– О, богатая добыча! – воскликнул поэт. – У нас такой витязь уже презирал бы халифа, называя себя – тьфу! – "мечом династии". Хочу повидать твоих братьев!
– И вы подружитесь! – сказала она, сжимая его руки. – Но только Сплавид уже погиб, а выздоровел ли другой – не знаю…
Она помолчала.
И он спросил:
– Подозреваю: они проиграли шестьсот пленных печенегов?
Грустно улыбнувшись, она сказала:
– Да, проиграли, в пять дней. И вот, когда я им напомнила об этом проигрыше, добавив, что они проиграют и богатую византийскую добычу, – они взяли меня с собой.
Был вечер. Над высокими стенами, окружавшими дома Багдада, шелково шелестели деревья, уходя в сиреневую тьму вскачь приближающейся ночи. Весна кончалась, и этим вечером, быть может, прошел последний ее, тихо мерцающий, дождь. Во всяком случае, между вершинами деревьев и водой, шумящей у их корней, прижавшись друг к другу, расселись соловьи и пели, всячески расцвечивая свои песни.
Вслед за деревьями в сиреневую мглу скрылись и широкие разноцветные купола мечетей, и только тонкие минареты, как мечи пророка, пронзали небо. И небо, пронзенное мечами веры, истекало нежным светом, постепенно заменяясь другим, тревожным и мрачным. Это было световое кольцо вокруг луны, которое показалось раньше самого светила, и показалось оно над медресе эль-Мустинсериэ.
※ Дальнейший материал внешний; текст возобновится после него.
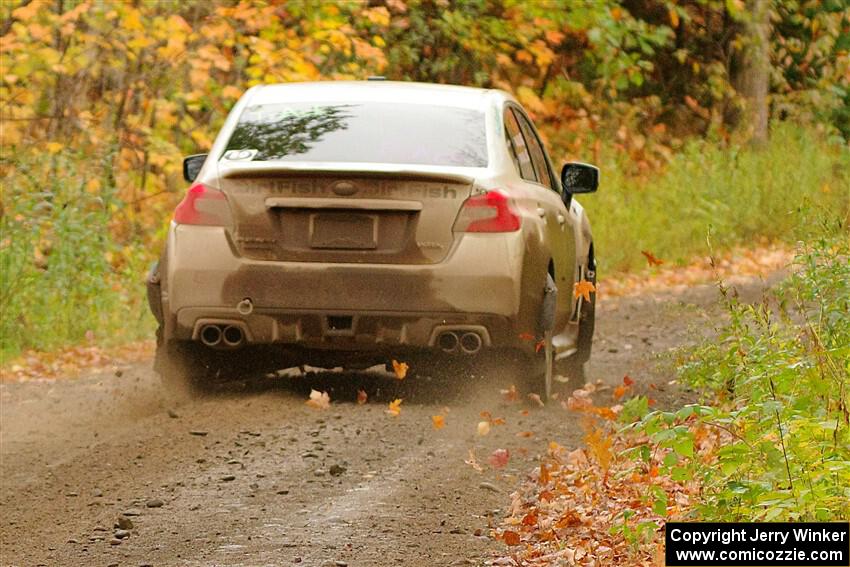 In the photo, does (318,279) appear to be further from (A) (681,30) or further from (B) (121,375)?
(A) (681,30)

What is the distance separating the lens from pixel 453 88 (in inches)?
397

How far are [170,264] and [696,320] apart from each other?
6354 millimetres

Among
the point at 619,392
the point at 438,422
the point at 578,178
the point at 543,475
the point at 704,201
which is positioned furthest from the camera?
the point at 704,201

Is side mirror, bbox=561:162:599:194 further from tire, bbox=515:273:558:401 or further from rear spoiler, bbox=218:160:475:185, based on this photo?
rear spoiler, bbox=218:160:475:185

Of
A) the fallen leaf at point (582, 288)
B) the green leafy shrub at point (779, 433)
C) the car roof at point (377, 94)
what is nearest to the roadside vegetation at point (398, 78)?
the green leafy shrub at point (779, 433)

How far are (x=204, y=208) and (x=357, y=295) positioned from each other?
0.93m

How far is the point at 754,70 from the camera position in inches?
994

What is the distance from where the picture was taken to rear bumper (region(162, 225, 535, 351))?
8.85 metres

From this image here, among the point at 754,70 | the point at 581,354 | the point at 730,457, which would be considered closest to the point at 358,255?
the point at 581,354

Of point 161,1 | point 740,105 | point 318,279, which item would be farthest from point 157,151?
point 740,105

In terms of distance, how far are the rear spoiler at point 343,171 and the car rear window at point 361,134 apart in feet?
0.63

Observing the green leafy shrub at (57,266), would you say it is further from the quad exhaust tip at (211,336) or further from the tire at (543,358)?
the tire at (543,358)

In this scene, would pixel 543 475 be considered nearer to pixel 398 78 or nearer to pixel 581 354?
pixel 581 354

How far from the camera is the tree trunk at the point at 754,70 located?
79.9 ft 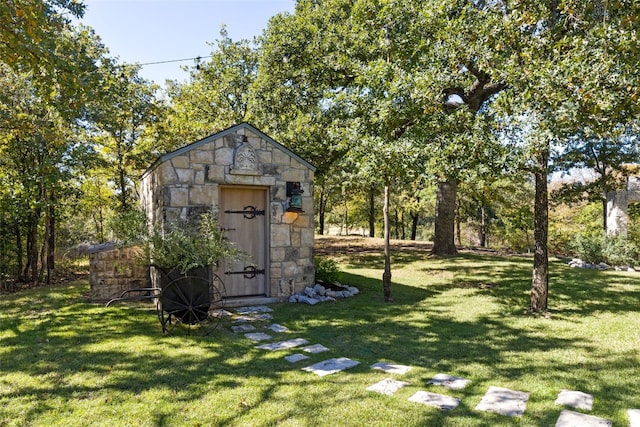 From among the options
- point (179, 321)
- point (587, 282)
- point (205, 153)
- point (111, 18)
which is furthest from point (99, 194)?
point (587, 282)

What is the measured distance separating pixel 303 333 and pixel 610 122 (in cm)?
431

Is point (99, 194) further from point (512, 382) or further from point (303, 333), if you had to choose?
point (512, 382)

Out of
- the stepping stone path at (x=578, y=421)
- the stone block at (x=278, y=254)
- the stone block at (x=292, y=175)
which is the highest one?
the stone block at (x=292, y=175)

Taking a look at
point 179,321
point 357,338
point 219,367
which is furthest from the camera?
point 179,321

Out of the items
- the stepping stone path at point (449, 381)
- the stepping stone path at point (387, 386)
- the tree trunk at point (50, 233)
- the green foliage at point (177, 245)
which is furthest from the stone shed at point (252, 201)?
the tree trunk at point (50, 233)

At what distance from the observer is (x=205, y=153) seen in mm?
5805

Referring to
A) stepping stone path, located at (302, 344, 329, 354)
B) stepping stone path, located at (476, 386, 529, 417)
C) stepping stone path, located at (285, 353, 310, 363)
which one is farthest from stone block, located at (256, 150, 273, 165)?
stepping stone path, located at (476, 386, 529, 417)

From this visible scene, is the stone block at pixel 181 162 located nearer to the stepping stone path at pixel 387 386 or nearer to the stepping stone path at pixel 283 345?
the stepping stone path at pixel 283 345

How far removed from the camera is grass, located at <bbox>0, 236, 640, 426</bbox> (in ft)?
8.34

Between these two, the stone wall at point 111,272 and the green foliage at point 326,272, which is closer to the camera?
the stone wall at point 111,272

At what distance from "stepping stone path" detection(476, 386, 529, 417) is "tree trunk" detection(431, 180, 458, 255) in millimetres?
8483

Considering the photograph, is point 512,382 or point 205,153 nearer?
point 512,382

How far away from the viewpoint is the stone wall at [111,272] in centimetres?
620

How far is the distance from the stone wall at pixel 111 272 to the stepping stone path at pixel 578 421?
5.79m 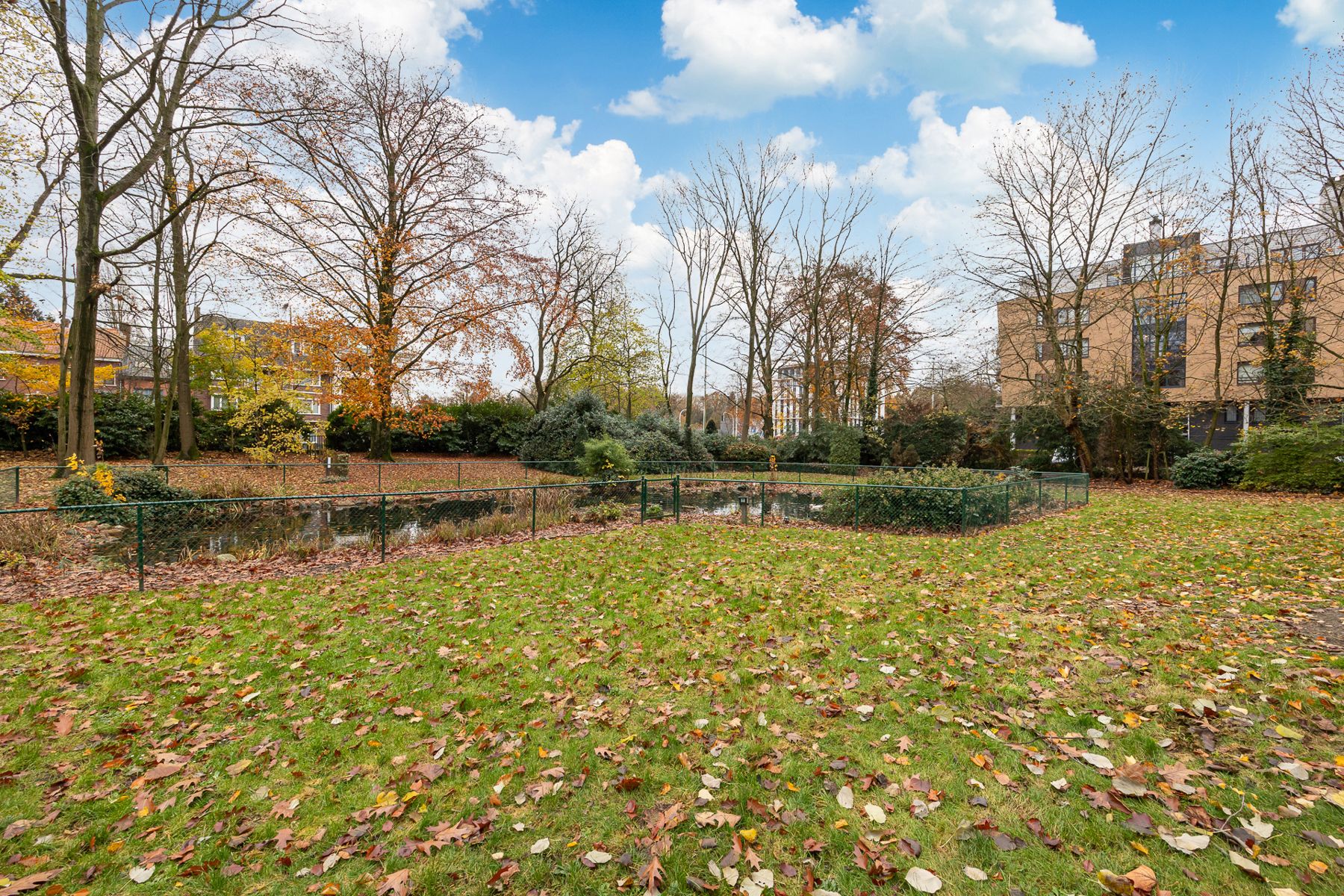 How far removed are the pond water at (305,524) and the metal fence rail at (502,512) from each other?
0.02 meters

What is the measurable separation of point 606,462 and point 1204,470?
19.2 metres

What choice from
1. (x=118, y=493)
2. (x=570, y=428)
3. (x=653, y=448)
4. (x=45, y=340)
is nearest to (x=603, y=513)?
(x=118, y=493)

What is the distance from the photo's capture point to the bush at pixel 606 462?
727 inches

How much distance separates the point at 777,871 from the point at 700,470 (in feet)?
65.8

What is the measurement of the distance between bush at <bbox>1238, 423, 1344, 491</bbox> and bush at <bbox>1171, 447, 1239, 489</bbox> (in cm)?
64

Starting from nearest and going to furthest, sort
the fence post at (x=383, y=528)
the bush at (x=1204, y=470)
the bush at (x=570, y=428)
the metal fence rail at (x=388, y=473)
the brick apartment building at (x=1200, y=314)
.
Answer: the fence post at (x=383, y=528) → the metal fence rail at (x=388, y=473) → the bush at (x=1204, y=470) → the brick apartment building at (x=1200, y=314) → the bush at (x=570, y=428)

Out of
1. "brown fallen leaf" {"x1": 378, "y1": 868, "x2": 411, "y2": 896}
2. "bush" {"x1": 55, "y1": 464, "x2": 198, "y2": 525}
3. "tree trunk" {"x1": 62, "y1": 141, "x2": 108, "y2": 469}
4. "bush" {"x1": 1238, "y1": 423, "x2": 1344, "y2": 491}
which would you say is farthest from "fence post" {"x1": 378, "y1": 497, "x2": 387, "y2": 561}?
"bush" {"x1": 1238, "y1": 423, "x2": 1344, "y2": 491}

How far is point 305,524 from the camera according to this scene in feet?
31.9

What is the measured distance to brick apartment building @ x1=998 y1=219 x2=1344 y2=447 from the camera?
17984mm

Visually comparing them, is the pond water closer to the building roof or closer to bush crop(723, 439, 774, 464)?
the building roof

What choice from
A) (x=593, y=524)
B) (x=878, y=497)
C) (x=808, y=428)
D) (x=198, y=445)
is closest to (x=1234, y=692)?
(x=878, y=497)

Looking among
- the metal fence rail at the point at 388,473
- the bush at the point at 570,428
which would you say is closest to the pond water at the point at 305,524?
the metal fence rail at the point at 388,473

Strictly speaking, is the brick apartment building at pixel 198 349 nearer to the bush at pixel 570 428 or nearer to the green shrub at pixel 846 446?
the bush at pixel 570 428

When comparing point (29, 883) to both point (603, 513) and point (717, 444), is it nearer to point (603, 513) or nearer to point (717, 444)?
point (603, 513) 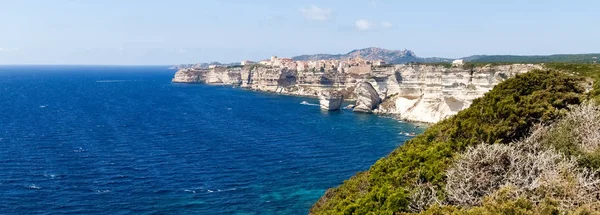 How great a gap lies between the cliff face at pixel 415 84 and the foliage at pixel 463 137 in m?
39.8

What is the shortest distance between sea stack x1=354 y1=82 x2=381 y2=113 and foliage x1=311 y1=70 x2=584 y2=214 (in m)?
62.5

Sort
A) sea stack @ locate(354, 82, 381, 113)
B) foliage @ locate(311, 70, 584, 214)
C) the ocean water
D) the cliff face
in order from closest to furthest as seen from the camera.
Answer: foliage @ locate(311, 70, 584, 214) → the ocean water → the cliff face → sea stack @ locate(354, 82, 381, 113)

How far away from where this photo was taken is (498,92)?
30.9 metres

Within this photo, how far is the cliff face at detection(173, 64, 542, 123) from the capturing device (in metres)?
74.3

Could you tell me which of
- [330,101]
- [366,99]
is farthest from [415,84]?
[330,101]

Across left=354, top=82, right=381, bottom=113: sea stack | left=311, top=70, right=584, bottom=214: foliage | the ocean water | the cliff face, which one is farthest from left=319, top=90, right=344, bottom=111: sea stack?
left=311, top=70, right=584, bottom=214: foliage

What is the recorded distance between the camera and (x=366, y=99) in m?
95.1

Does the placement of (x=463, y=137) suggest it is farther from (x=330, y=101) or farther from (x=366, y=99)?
(x=330, y=101)

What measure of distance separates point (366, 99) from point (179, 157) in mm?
51246

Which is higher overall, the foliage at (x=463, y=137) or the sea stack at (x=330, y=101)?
the foliage at (x=463, y=137)

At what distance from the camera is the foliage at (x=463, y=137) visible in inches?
816

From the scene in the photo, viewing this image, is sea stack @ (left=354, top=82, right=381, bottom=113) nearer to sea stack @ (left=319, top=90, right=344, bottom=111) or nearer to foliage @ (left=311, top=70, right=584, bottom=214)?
sea stack @ (left=319, top=90, right=344, bottom=111)

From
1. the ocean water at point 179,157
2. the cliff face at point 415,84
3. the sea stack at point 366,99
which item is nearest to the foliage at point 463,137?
the ocean water at point 179,157

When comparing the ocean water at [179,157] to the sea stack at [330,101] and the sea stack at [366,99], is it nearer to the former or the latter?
the sea stack at [366,99] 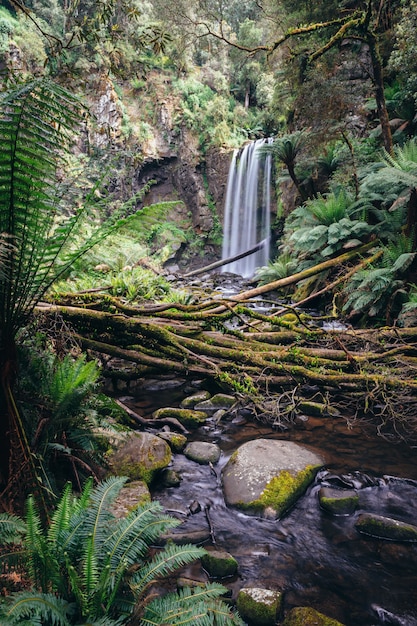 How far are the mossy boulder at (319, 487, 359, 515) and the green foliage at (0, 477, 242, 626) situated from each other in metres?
1.65

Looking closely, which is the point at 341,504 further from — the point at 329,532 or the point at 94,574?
the point at 94,574

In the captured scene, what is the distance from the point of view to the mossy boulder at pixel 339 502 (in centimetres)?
289

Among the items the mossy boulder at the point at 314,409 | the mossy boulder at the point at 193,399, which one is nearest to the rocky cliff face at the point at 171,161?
the mossy boulder at the point at 193,399

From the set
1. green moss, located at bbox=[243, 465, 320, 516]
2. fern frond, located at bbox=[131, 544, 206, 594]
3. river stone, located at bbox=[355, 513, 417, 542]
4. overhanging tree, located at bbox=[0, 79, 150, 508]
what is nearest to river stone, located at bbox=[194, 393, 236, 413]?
green moss, located at bbox=[243, 465, 320, 516]

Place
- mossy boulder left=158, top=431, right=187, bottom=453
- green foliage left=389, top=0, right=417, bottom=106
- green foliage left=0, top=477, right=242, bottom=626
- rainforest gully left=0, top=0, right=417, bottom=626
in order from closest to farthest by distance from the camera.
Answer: green foliage left=0, top=477, right=242, bottom=626
rainforest gully left=0, top=0, right=417, bottom=626
mossy boulder left=158, top=431, right=187, bottom=453
green foliage left=389, top=0, right=417, bottom=106

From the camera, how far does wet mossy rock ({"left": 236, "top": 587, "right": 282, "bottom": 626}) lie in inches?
76.2

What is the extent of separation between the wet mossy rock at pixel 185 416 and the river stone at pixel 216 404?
11.7 inches

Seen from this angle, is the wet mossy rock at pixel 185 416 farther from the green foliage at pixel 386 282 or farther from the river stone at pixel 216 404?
the green foliage at pixel 386 282

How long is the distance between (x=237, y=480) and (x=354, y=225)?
5485 millimetres

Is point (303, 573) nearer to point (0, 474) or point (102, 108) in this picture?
point (0, 474)

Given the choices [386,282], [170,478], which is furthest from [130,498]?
[386,282]

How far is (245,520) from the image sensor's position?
283 cm

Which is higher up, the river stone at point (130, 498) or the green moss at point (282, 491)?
the river stone at point (130, 498)

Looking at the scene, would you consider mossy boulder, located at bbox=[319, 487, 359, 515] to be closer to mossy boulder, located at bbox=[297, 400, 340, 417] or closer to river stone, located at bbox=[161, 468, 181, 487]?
river stone, located at bbox=[161, 468, 181, 487]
По переулку проехал всадник. Быть может, это был кади Ахмет? Мул всадника хлябал подковой, и он, в такт этому хлябанью, бормотал какую-то песню.
– А возможно, твои братья и правы, проигрывая все в кости? Зачем нам добыча, пленные и золото? Воин и поэт не должны ли быть расточительными?
И он расточительно назвал ее луной, и небом, и красной медью своего трубящего радость сердца, и мечтой счастья!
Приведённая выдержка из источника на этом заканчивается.